The liqueur, which has been distilled from fresh musts of Muscat grapes in copper alembic stills since the Spanish conquest, is considered part of Peru’s cultural heritage, but it also maintains a place in U.S. history.
"It’s definitely caught on with the wealthy Park Avenue crowd," said John Iachetti, director of entertainment at the Loews Regency Hotel on Manhattan’s Upper East Side.
Iachetti said he ordered one bottle of Peruvian pisco five years ago and now goes through an average of two each week.
The spirit’s ties to the country date to the 1849 California Gold Rush when ships rounding Cape Horn picked up supplies from the Peruvian port of Pisco, including the local aguardiente.

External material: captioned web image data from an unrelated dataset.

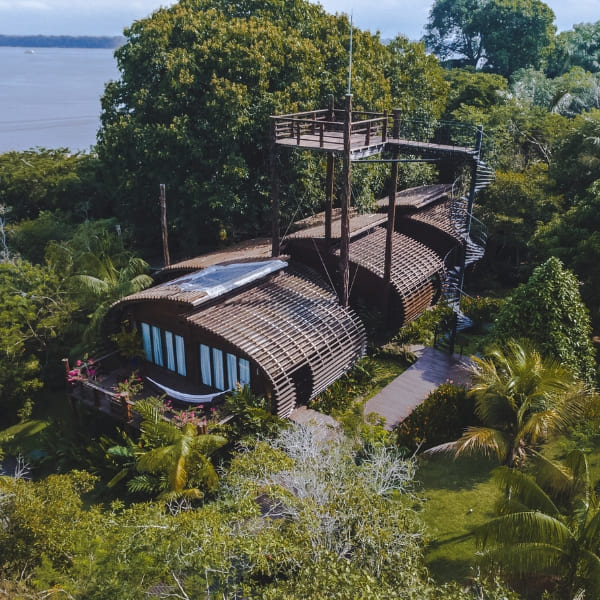 Mirante do Gavião Jungle Lodge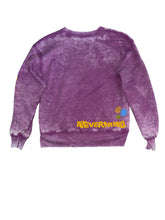 Rowdy Sprout girls Nirvana Nevermind sweatshirt 14
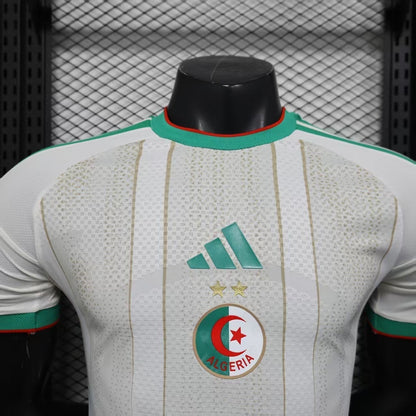 Maillot Algérie Domicile Player Coupe du Monde 2026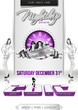 Flyer Silvester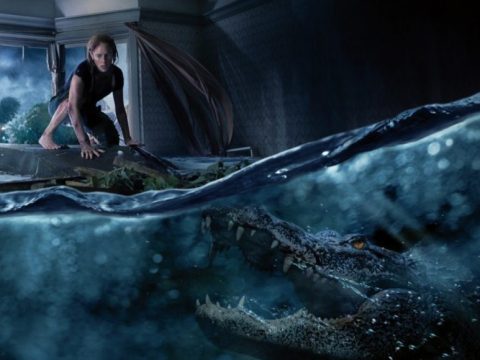 รีวิว Crawl คลานขย้ำ (2019)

Cholocale from Peru’s cocoa fields soon followed. Italian confectioner Domingo Ghirardelli moved his chocolate business from Lima to San Francisco, where pisco was becoming the spirit of choice. The legendary Bank Exchange & Billiard Room served Pisco Punch, a potent mix of pisco, gum arabic, and lemon and pineapple juices.
British author Rudyard Kipling, who visited the city in 1889, described the concoction as "compounded of the shavings of cherubs’ wings, the glory of a tropical dawn, the red clouds of sunset, and the fragments of lost epics by dead masters."

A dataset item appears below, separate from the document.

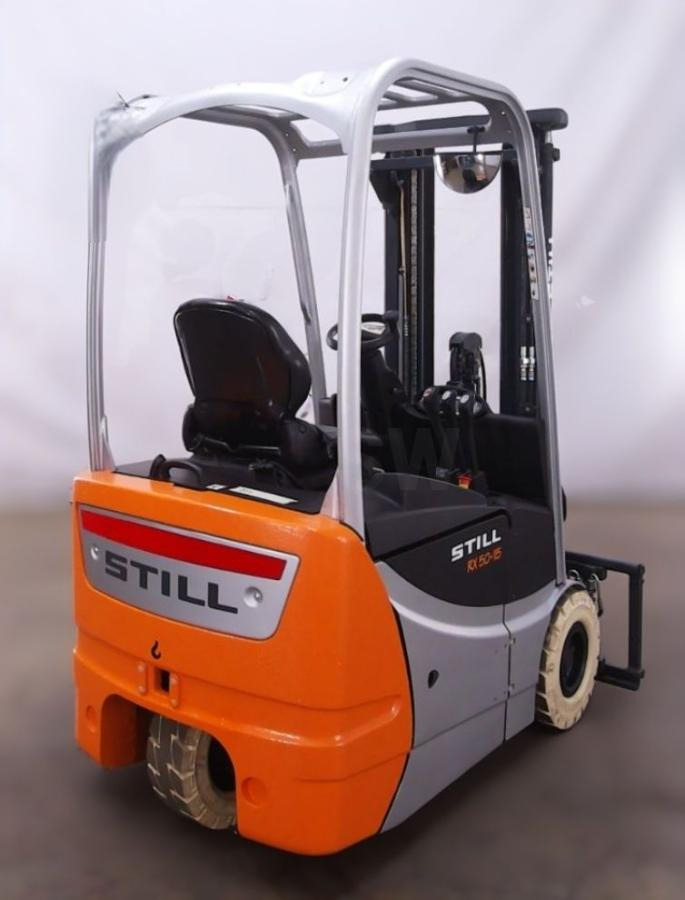 Still RX20-15 fenwick - Carretilla elevadora eléctrica: foto 1 Still RX20-15 fenwick - Carretilla elevadora eléctrica: foto 1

The unction is experiencing a renaissance in the U.S. after a nearly century-long hiatus. Peru exported about $800,000 in pisco from January to May, a 150 percent increase over the same period last year, according to exporters association Adex. Export sales have more than doubled to $1.4 million since 2006, and have quadrupled in the past decade.
Part of pisco’s rise to international recognition can be attributed to Peru’s government, which has launched a campaign here and abroad to raise awareness about the banner drink.

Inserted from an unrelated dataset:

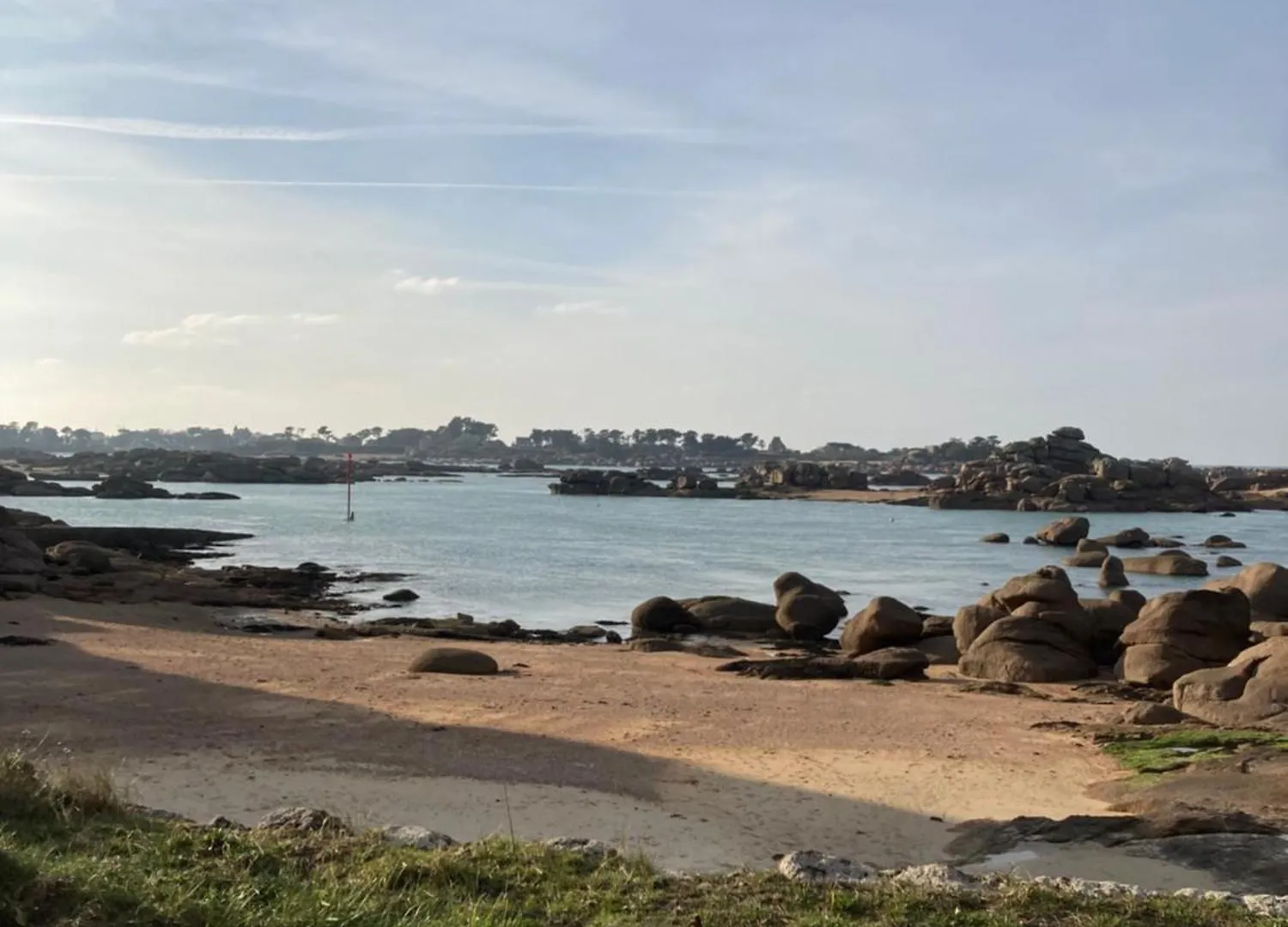 Maison Avec Piscine Couverte Louannec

Every July, pisco is honored with tasting parties across the country. On the appointed day – the last Sunday of the month – a colonial-era fountain in Lima’s main square gurgles with two thousand liters of the tart aqua vitae. Passerby can tip a cup under one of the fountain’s spouts for a taste.
In 2003, the first Saturday of February was decreed a national holiday in homage to the pisco sour, a cocktail invented by an American barman in Lima in the early 20th century that combines pisco with lime juice, egg whites, simple syrup and bitters.
Peru’s 380 producers are expected to churn out 7.5 million liters this year, a 12 percent increase over 2009, according to the Comision Nacional de Pisco (ConaPisco).
The U.S. is the biggest buyer, followed by Chile, which also lays claims to the invention of the drink. Chile’s annual production of 50 million liters a year dwarfs Peru. Nonetheless, Peru recently surpassed Chile to become the number one pisco exporter to the U.S.
The Volstead Act shuttered the doors of the Bank Exchange & Billiard Room in 1919, and the inventor of the Pisco Punch died shortly thereafter, taking the recipe to his grave. In the second half of the 20th century, as political instability hampered Peruvian exports, Chile added pisco to its growing list of products and soon dominated worldwide sales.
Like Mexican tequila and Japanese sake, Peruvian pisco may now join the ranks of celebrated artisanal spirits, finding its way into cocktails sipped in high-end bars from Manhattan to Taiwan.